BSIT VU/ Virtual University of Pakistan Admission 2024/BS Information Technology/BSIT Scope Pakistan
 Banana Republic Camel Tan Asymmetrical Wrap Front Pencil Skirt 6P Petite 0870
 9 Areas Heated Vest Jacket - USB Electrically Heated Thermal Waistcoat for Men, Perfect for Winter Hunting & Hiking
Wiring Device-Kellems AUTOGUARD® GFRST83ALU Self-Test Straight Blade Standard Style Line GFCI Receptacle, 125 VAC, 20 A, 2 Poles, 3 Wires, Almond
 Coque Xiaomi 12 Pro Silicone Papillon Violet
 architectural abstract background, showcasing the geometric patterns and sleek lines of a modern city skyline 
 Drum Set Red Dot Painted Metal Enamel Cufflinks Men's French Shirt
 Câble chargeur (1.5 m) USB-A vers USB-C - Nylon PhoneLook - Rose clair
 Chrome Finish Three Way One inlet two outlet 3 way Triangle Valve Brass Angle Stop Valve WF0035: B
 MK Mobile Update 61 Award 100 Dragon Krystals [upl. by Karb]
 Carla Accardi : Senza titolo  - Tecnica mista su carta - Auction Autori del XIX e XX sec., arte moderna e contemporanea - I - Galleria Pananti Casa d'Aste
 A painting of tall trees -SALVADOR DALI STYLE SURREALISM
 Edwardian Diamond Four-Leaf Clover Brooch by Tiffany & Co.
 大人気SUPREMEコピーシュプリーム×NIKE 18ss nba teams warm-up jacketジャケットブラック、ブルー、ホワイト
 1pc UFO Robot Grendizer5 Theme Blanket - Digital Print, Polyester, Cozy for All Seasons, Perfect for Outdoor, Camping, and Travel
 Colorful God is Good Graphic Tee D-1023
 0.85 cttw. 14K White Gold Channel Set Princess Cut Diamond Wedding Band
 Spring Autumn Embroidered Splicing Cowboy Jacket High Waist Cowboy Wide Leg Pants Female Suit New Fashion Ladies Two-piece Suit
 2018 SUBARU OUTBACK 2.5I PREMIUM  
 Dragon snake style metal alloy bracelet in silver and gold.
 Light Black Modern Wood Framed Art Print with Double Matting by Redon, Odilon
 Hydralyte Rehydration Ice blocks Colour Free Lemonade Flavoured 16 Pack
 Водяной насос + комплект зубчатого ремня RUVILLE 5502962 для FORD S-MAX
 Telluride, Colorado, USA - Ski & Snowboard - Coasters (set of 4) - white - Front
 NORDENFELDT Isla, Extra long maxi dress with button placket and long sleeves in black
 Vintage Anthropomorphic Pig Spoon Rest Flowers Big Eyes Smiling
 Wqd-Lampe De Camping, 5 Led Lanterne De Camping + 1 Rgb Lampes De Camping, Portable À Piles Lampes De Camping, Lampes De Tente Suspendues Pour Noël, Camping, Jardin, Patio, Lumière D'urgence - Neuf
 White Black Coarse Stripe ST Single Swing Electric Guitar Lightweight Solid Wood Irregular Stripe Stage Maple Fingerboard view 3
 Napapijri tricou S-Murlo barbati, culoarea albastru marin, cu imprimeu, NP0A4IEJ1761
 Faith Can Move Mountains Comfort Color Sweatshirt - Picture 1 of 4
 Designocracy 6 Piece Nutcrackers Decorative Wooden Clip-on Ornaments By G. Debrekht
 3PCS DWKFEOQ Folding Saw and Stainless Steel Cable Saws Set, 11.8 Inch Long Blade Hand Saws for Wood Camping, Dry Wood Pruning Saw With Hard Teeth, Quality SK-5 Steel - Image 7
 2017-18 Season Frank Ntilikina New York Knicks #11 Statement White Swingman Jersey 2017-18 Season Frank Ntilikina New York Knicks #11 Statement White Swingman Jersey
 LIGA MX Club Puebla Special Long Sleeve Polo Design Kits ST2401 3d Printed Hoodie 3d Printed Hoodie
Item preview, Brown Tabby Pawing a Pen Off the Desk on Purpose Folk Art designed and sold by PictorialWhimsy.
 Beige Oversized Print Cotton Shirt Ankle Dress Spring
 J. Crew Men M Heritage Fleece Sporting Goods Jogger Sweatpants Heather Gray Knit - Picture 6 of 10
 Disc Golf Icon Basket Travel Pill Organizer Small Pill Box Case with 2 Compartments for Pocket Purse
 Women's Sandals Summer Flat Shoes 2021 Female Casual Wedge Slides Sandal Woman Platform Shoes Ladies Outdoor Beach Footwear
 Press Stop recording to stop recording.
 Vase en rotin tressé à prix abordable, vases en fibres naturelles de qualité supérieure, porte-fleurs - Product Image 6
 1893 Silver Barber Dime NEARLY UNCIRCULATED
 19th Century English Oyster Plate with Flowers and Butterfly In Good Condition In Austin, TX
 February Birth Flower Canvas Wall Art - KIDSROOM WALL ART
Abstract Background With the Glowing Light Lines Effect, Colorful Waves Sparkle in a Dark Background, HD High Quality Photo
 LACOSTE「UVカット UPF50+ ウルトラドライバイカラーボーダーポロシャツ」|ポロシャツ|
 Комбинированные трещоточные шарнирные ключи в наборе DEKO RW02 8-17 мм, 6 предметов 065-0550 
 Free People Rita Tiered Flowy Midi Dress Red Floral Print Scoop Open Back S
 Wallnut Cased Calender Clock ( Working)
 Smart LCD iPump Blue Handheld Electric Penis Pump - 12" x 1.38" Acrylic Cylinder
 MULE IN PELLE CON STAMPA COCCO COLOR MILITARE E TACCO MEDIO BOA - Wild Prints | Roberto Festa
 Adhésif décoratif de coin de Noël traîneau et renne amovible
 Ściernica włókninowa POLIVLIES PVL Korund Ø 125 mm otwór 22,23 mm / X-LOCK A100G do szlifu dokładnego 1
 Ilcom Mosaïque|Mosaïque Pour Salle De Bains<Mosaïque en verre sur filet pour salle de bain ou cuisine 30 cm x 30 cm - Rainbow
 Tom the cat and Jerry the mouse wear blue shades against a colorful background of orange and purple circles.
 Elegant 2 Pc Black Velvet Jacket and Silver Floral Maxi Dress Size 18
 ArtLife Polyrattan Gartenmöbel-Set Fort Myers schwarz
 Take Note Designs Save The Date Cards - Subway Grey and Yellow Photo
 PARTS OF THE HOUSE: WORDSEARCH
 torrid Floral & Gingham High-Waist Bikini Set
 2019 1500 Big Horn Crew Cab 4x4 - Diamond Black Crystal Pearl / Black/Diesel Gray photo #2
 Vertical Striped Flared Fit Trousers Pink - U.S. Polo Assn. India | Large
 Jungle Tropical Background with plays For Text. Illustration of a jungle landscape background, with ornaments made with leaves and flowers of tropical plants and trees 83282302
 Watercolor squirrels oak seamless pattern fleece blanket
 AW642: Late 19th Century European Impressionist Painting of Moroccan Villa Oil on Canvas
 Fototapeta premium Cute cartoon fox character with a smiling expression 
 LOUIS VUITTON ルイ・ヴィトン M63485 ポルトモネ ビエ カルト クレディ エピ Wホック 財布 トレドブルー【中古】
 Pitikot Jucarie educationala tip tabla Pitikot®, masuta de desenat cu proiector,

------------------------------------------------

### Exercise directions
Retype the listing. Match it exactly.

### Response for this exercise
BSIT VU/ Virtual University of Pakistan Admission 2024/BS Information Technology/BSIT Scope Pakistan
 Banana Republic Camel Tan Asymmetrical Wrap Front Pencil Skirt 6P Petite 0870
 9 Areas Heated Vest Jacket - USB Electrically Heated Thermal Waistcoat for Men, Perfect for Winter Hunting & Hiking
Wiring Device-Kellems AUTOGUARD® GFRST83ALU Self-Test Straight Blade Standard Style Line GFCI Receptacle, 125 VAC, 20 A, 2 Poles, 3 Wires, Almond
 Coque Xiaomi 12 Pro Silicone Papillon Violet
 architectural abstract background, showcasing the geometric patterns and sleek lines of a modern city skyline 
 Drum Set Red Dot Painted Metal Enamel Cufflinks Men's French Shirt
 Câble chargeur (1.5 m) USB-A vers USB-C - Nylon PhoneLook - Rose clair
 Chrome Finish Three Way One inlet two outlet 3 way Triangle Valve Brass Angle Stop Valve WF0035: B
 MK Mobile Update 61 Award 100 Dragon Krystals [upl. by Karb]
 Carla Accardi : Senza titolo  - Tecnica mista su carta - Auction Autori del XIX e XX sec., arte moderna e contemporanea - I - Galleria Pananti Casa d'Aste
 A painting of tall trees -SALVADOR DALI STYLE SURREALISM
 Edwardian Diamond Four-Leaf Clover Brooch by Tiffany & Co.
 大人気SUPREMEコピーシュプリーム×NIKE 18ss nba teams warm-up jacketジャケットブラック、ブルー、ホワイト
 1pc UFO Robot Grendizer5 Theme Blanket - Digital Print, Polyester, Cozy for All Seasons, Perfect for Outdoor, Camping, and Travel
 Colorful God is Good Graphic Tee D-1023
 0.85 cttw. 14K White Gold Channel Set Princess Cut Diamond Wedding Band
 Spring Autumn Embroidered Splicing Cowboy Jacket High Waist Cowboy Wide Leg Pants Female Suit New Fashion Ladies Two-piece Suit
 2018 SUBARU OUTBACK 2.5I PREMIUM  
 Dragon snake style metal alloy bracelet in silver and gold.
 Light Black Modern Wood Framed Art Print with Double Matting by Redon, Odilon
 Hydralyte Rehydration Ice blocks Colour Free Lemonade Flavoured 16 Pack
 Водяной насос + комплект зубчатого ремня RUVILLE 5502962 для FORD S-MAX
 Telluride, Colorado, USA - Ski & Snowboard - Coasters (set of 4) - white - Front
 NORDENFELDT Isla, Extra long maxi dress with button placket and long sleeves in black
 Vintage Anthropomorphic Pig Spoon Rest Flowers Big Eyes Smiling
 Wqd-Lampe De Camping, 5 Led Lanterne De Camping + 1 Rgb Lampes De Camping, Portable À Piles Lampes De Camping, Lampes De Tente Suspendues Pour Noël, Camping, Jardin, Patio, Lumière D'urgence - Neuf
 White Black Coarse Stripe ST Single Swing Electric Guitar Lightweight Solid Wood Irregular Stripe Stage Maple Fingerboard view 3
 Napapijri tricou S-Murlo barbati, culoarea albastru marin, cu imprimeu, NP0A4IEJ1761
 Faith Can Move Mountains Comfort Color Sweatshirt - Picture 1 of 4
 Designocracy 6 Piece Nutcrackers Decorative Wooden Clip-on Ornaments By G. Debrekht
 3PCS DWKFEOQ Folding Saw and Stainless Steel Cable Saws Set, 11.8 Inch Long Blade Hand Saws for Wood Camping, Dry Wood Pruning Saw With Hard Teeth, Quality SK-5 Steel - Image 7
 2017-18 Season Frank Ntilikina New York Knicks #11 Statement White Swingman Jersey 2017-18 Season Frank Ntilikina New York Knicks #11 Statement White Swingman Jersey
 LIGA MX Club Puebla Special Long Sleeve Polo Design Kits ST2401 3d Printed Hoodie 3d Printed Hoodie
Item preview, Brown Tabby Pawing a Pen Off the Desk on Purpose Folk Art designed and sold by PictorialWhimsy.
 Beige Oversized Print Cotton Shirt Ankle Dress Spring
 J. Crew Men M Heritage Fleece Sporting Goods Jogger Sweatpants Heather Gray Knit - Picture 6 of 10
 Disc Golf Icon Basket Travel Pill Organizer Small Pill Box Case with 2 Compartments for Pocket Purse
 Women's Sandals Summer Flat Shoes 2021 Female Casual Wedge Slides Sandal Woman Platform Shoes Ladies Outdoor Beach Footwear
 Press Stop recording to stop recording.
 Vase en rotin tressé à prix abordable, vases en fibres naturelles de qualité supérieure, porte-fleurs - Product Image 6
 1893 Silver Barber Dime NEARLY UNCIRCULATED
 19th Century English Oyster Plate with Flowers and Butterfly In Good Condition In Austin, TX
 February Birth Flower Canvas Wall Art - KIDSROOM WALL ART
Abstract Background With the Glowing Light Lines Effect, Colorful Waves Sparkle in a Dark Background, HD High Quality Photo
 LACOSTE「UVカット UPF50+ ウルトラドライバイカラーボーダーポロシャツ」|ポロシャツ|
 Комбинированные трещоточные шарнирные ключи в наборе DEKO RW02 8-17 мм, 6 предметов 065-0550 
 Free People Rita Tiered Flowy Midi Dress Red Floral Print Scoop Open Back S
 Wallnut Cased Calender Clock ( Working)
 Smart LCD iPump Blue Handheld Electric Penis Pump - 12" x 1.38" Acrylic Cylinder
 MULE IN PELLE CON STAMPA COCCO COLOR MILITARE E TACCO MEDIO BOA - Wild Prints | Roberto Festa
 Adhésif décoratif de coin de Noël traîneau et renne amovible
 Ściernica włókninowa POLIVLIES PVL Korund Ø 125 mm otwór 22,23 mm / X-LOCK A100G do szlifu dokładnego 1
 Ilcom Mosaïque|Mosaïque Pour Salle De Bains<Mosaïque en verre sur filet pour salle de bain ou cuisine 30 cm x 30 cm - Rainbow
 Tom the cat and Jerry the mouse wear blue shades against a colorful background of orange and purple circles.
 Elegant 2 Pc Black Velvet Jacket and Silver Floral Maxi Dress Size 18
 ArtLife Polyrattan Gartenmöbel-Set Fort Myers schwarz
 Take Note Designs Save The Date Cards - Subway Grey and Yellow Photo
 PARTS OF THE HOUSE: WORDSEARCH
 torrid Floral & Gingham High-Waist Bikini Set
 2019 1500 Big Horn Crew Cab 4x4 - Diamond Black Crystal Pearl / Black/Diesel Gray photo #2
 Vertical Striped Flared Fit Trousers Pink - U.S. Polo Assn. India | Large
 Jungle Tropical Background with plays For Text. Illustration of a jungle landscape background, with ornaments made with leaves and flowers of tropical plants and trees 83282302
 Watercolor squirrels oak seamless pattern fleece blanket
 AW642: Late 19th Century European Impressionist Painting of Moroccan Villa Oil on Canvas
 Fototapeta premium Cute cartoon fox character with a smiling expression 
 LOUIS VUITTON ルイ・ヴィトン M63485 ポルトモネ ビエ カルト クレディ エピ Wホック 財布 トレドブルー【中古】
 Pitikot Jucarie educationala tip tabla Pitikot®, masuta de desenat cu proiector,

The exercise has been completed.